-------- DATA BELOW
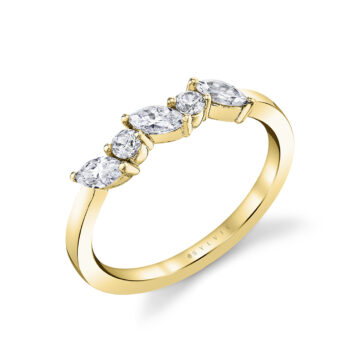 White Gold Marquise and Round Slanted Wedding Ring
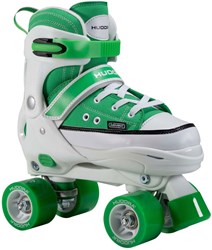 Hudora roller skates sneaker green - adjustable kids toy size 28-31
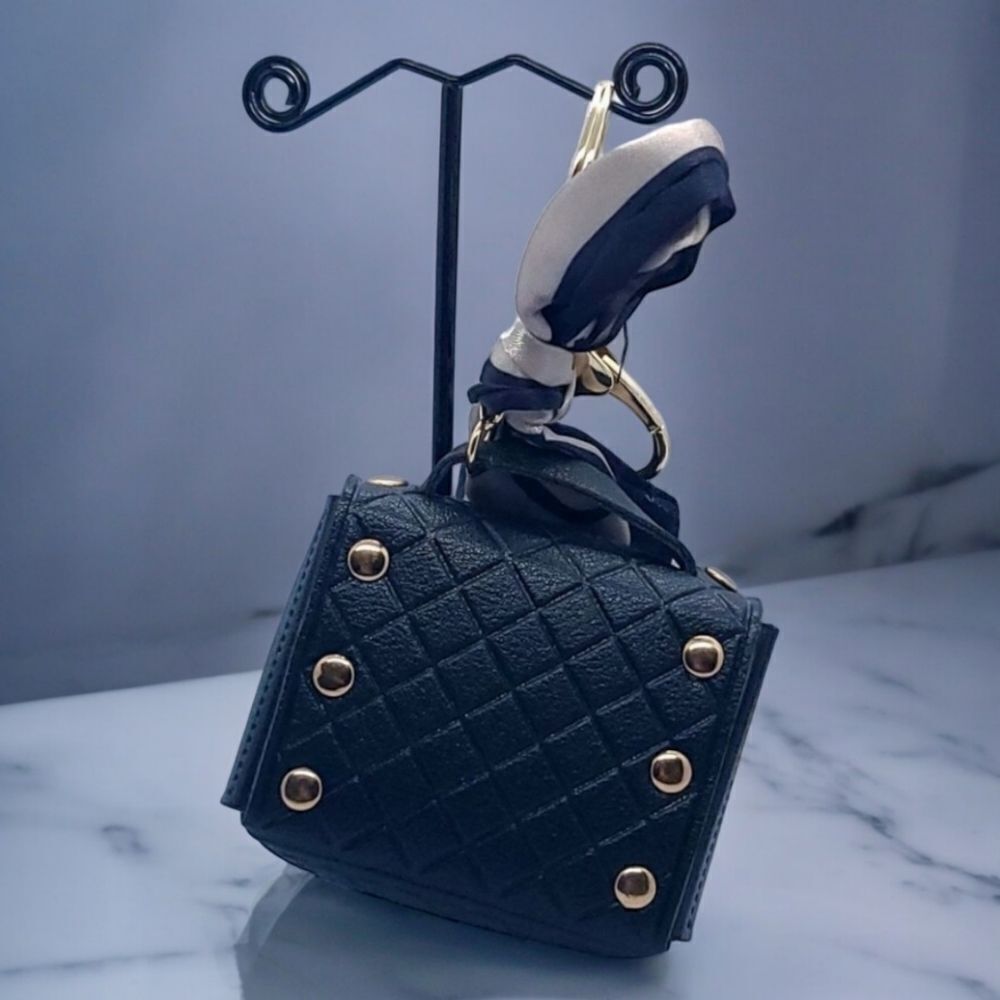 Mini Black Quilted Purse Keychain AirPods Holder Designer Style Bag Charm Luxe - Picture 3 of 7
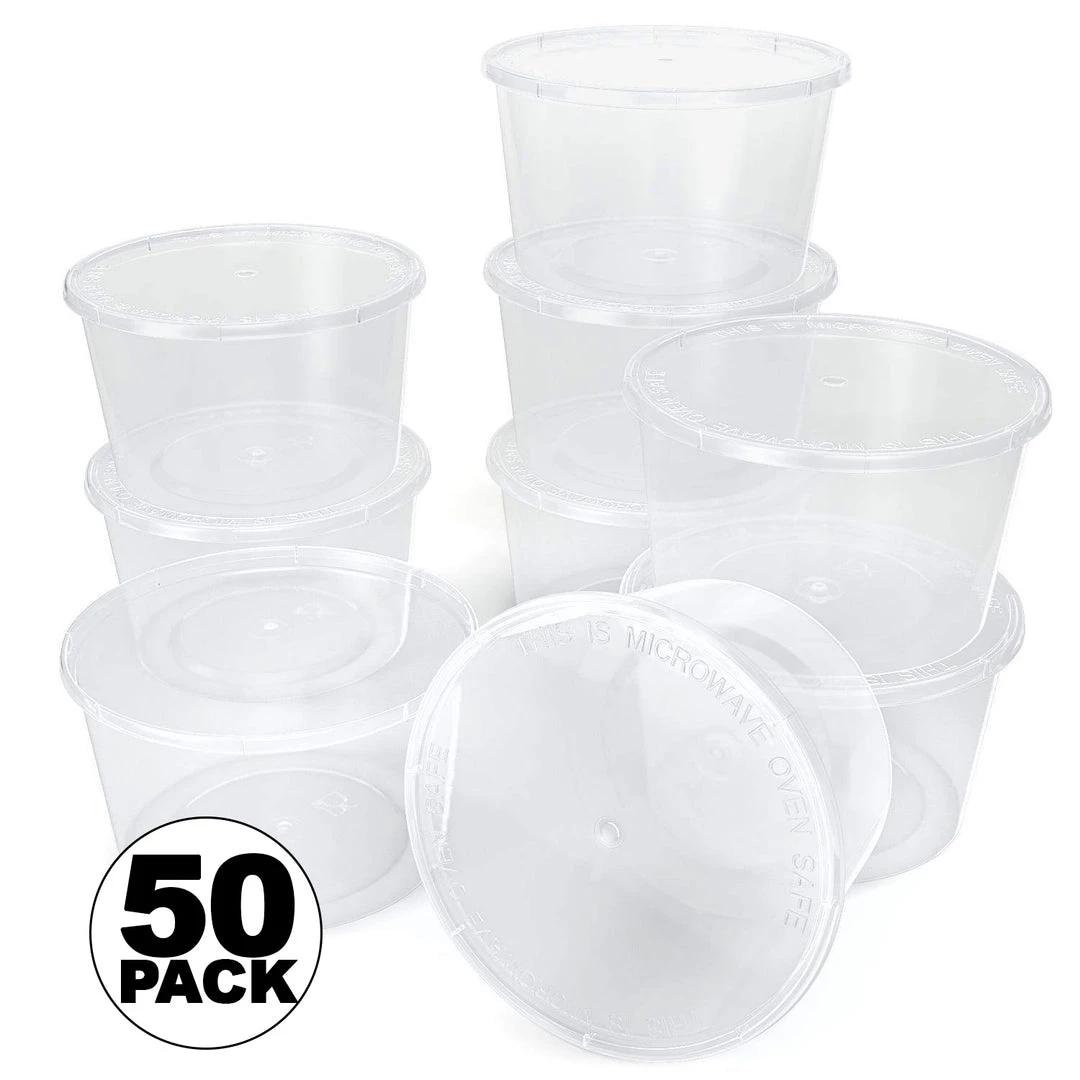 OnlyOneStopShop Deli Storage Containers 16 Oz. Lightweight Clear Plastic Round Deli Container With Lids 5 OnlyOneStopShop Deli Storage Containers 16 Oz. Lightweight Clear Plastic Round Deli Container With Lids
----------------
Word for word, restate the lines above from the first through the one that contains "Mini Black Quilted", and exclude all pictures.

 White Gold Marquise and Round Slanted Wedding Ring
 Hudora roller skates sneaker green - adjustable kids toy size 28-31
 Mini Black Quilted Purse Keychain AirPods Holder Designer Style Bag Charm Luxe - Picture 3 of 7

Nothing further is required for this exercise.